A few years back I lost everything in a hard drive failure. :doh:

Hopefully someone can help me find one I am looking for.

It involves a woman who gets a mysterious dress that allows her to eat anything. Each time she burps she grows taller and fatter.
She eats a every thing in he house, everything in a grocery store, then the store itself.

Does anyone know anything about this story?
It would be very appreciated.
:bow:


----------



## Perry White (Apr 25, 2010)

Hmm, unfortunately I don't remember reading any story like that at all. Was it ever on this site, or was it on another writer's site?


----------



## singulari (Apr 25, 2010)

I don't remember where I got it from.

It is WG and Giantess, so I'm not sure where to look.


----------



## Mac5689 (Apr 27, 2010)

singulari said:


> A few years back I lost everything in a hard drive failure. :doh:
> 
> Hopefully someone can help me find one I am looking for.
> 
> ...



I've never read a story like that, but i have seen a cartoon that kinda fits that discription


----------



## ShammyBoy (May 5, 2010)

his is the closest thing I can think of.
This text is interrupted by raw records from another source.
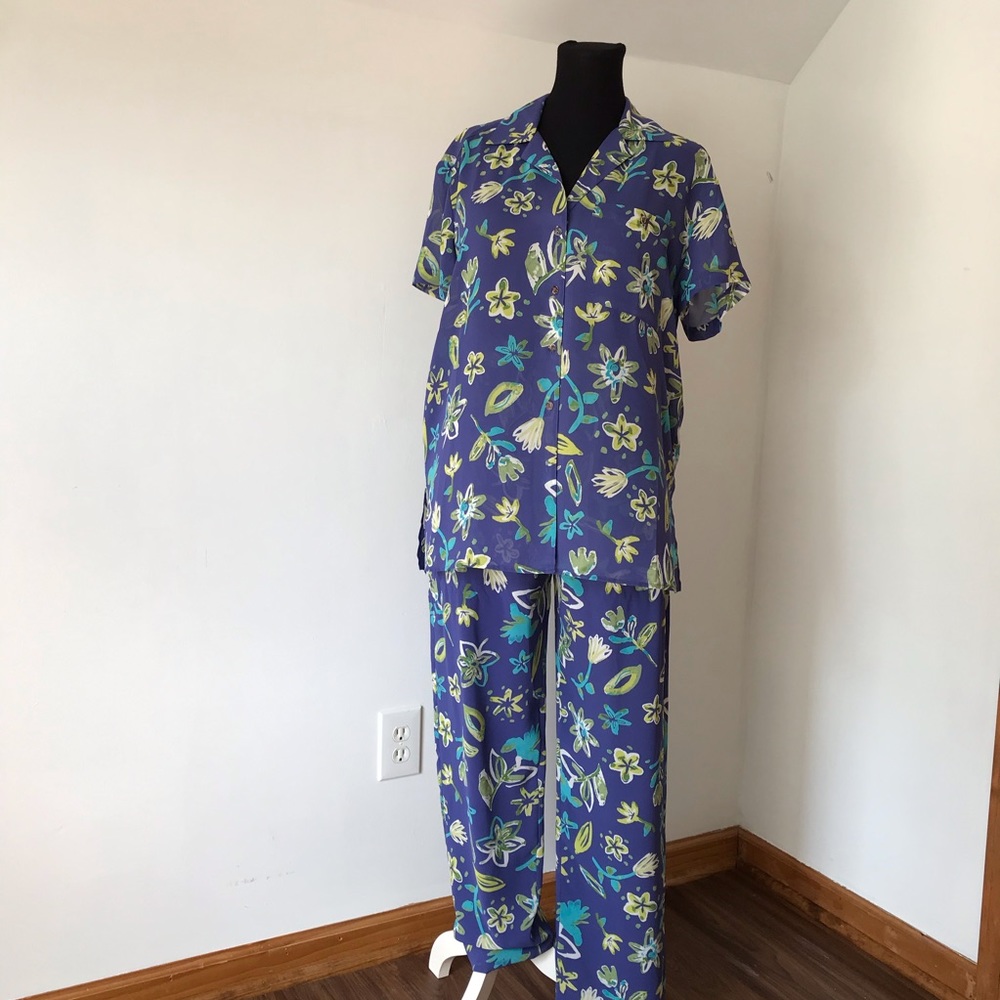 Sigrid Olson Sport Blue Floral 2 Piece Set Size M - Picture 2 of 10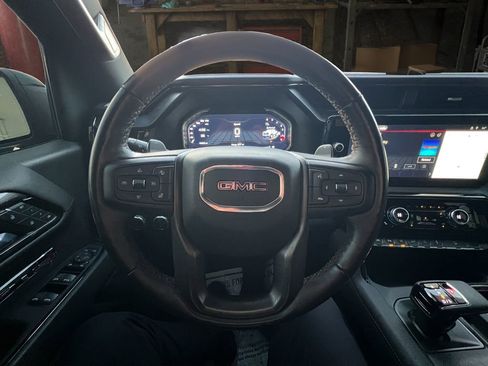 Used 2023 GMC Sierra 1500 AT4 w/ AT4 Premium Package image 19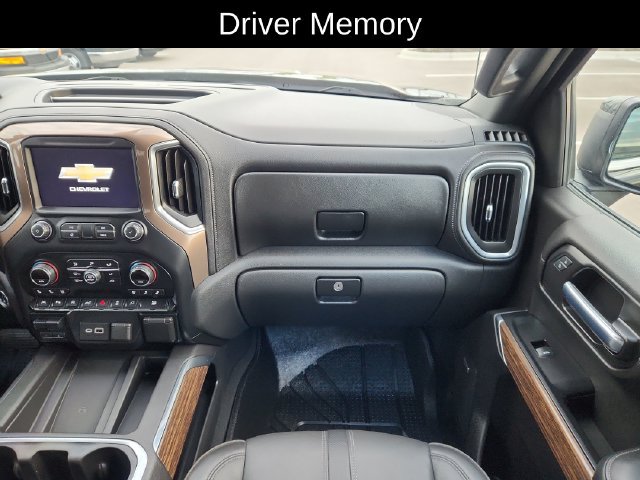 Used 2020 Chevrolet Silverado 1500 High Country w/ Technology Package AWD/4WD image 24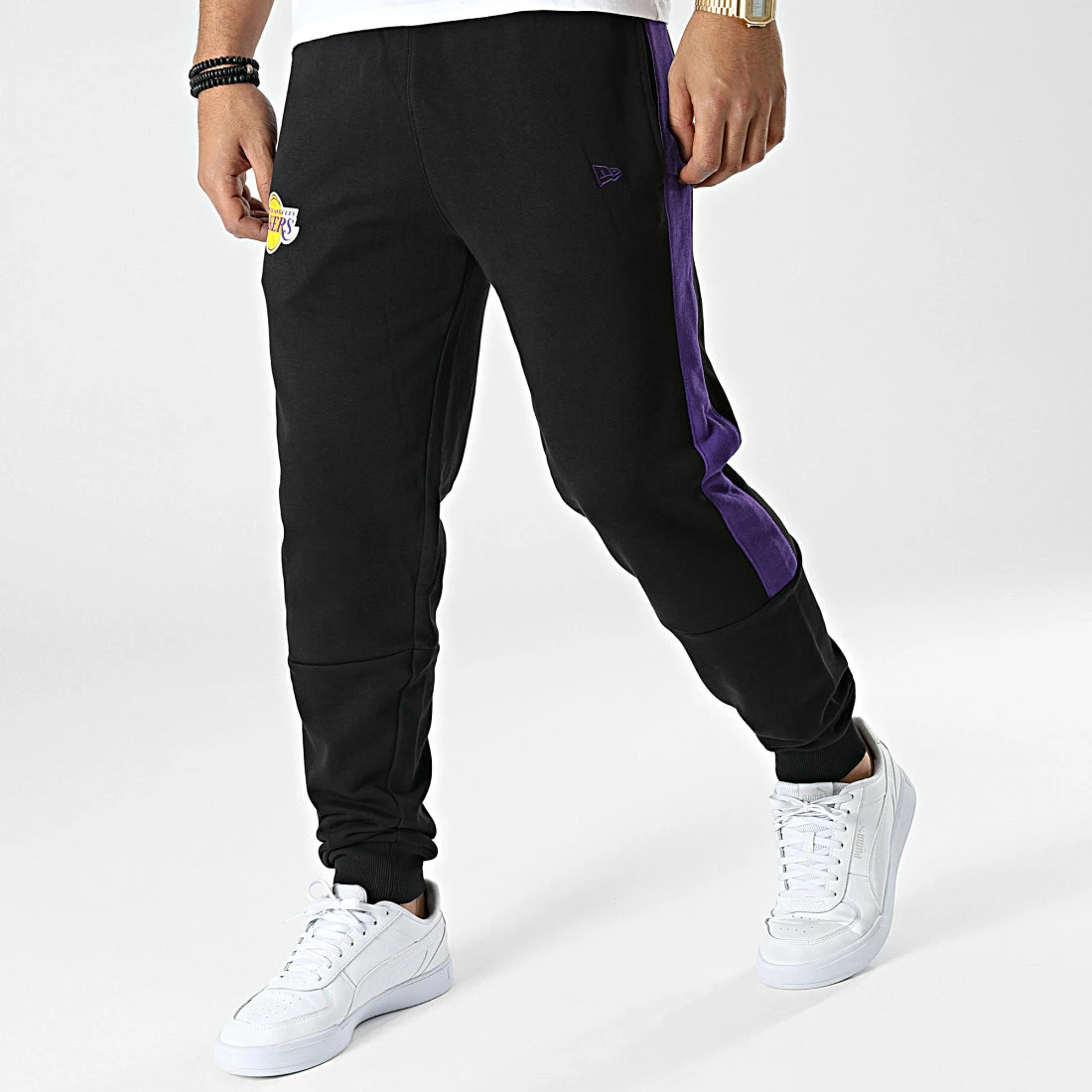 Grosses soldes 🧨 Pantalon Jogging Panel Los Angeles Lakers Noir de New Era 👏 5 Grosses soldes 🧨 Pantalon Jogging Panel Los Angeles Lakers Noir de New Era 👏 – Image 5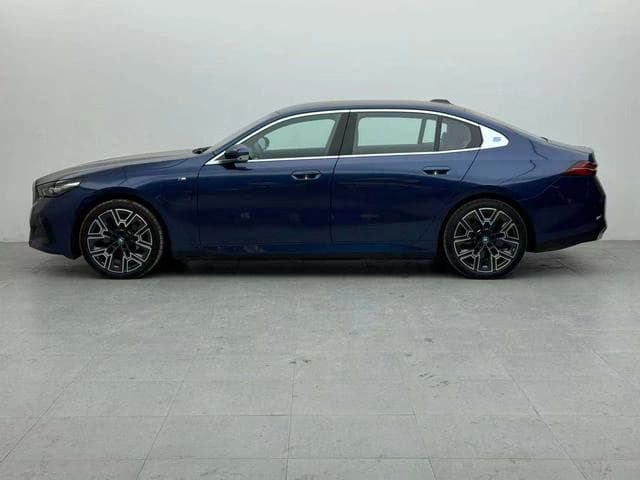 BMW i5 eDrive35L 2024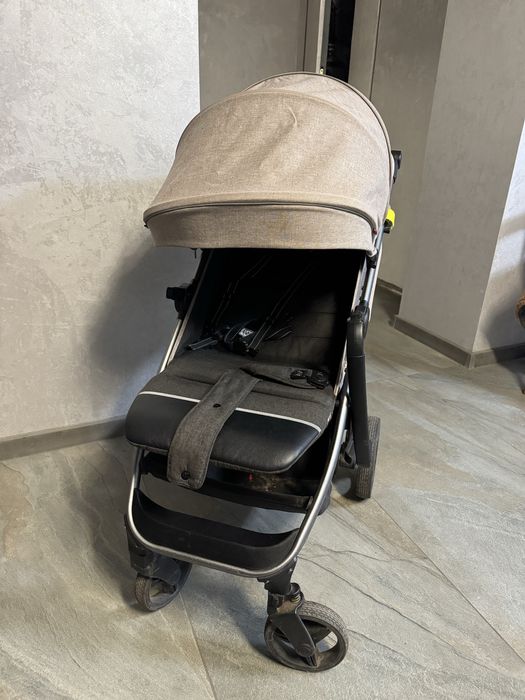 Прогулянкова коляска carrello bravo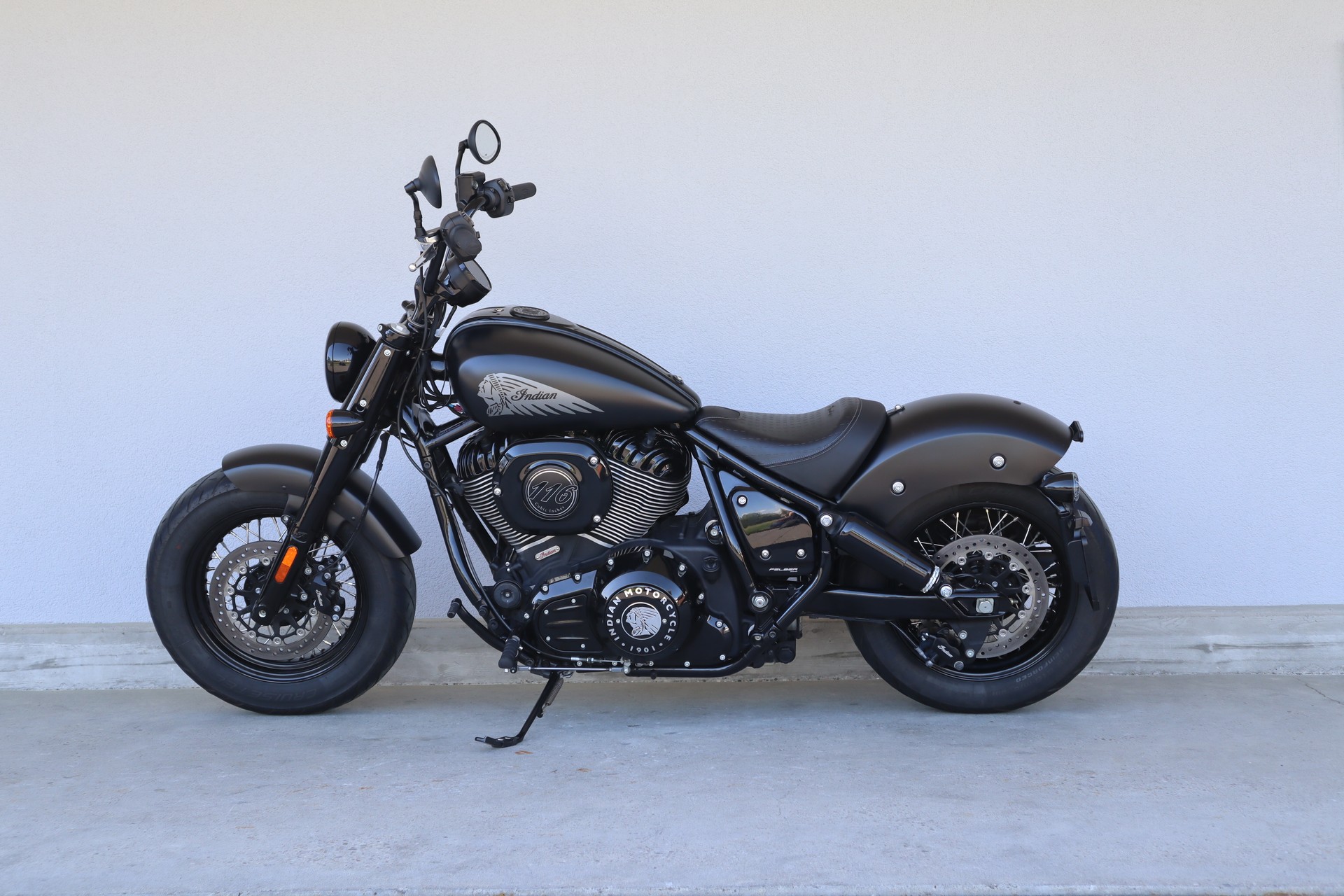 INDIAN Chief Bobber-image-3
In the library it is listed as part one so maybe it was completed elsewhere with what you remember

http://www.dimensionsmagazine.com/Weight_Room/stories/fun_size.html


----------



## Rebel (Dec 23, 2012)

The bit about being trapped in a supermarket and eating everything in it really does sound familiar, and really old... I'm thinking that it may have been written around the same time that Melanie Bell (miss her!) was writing...
I know that this isn't really helpful, but maybe it will help to at least make you think that you aren't crazy...


----------



## silentbob (Jan 16, 2013)

Rebel said:


> The bit about being trapped in a supermarket and eating everything in it really does sound familiar, and really old... I'm thinking that it may have been written around the same time that Melanie Bell (miss her!) was writing...
> I know that this isn't really helpful, but maybe it will help to at least make you think that you aren't crazy...



Well there is Tipping the Scales of Justice, by Melanie Bell...
http://www.dimensionsmagazine.com/dimtext/stories/melanie/tip/MB-Tip01.html


----------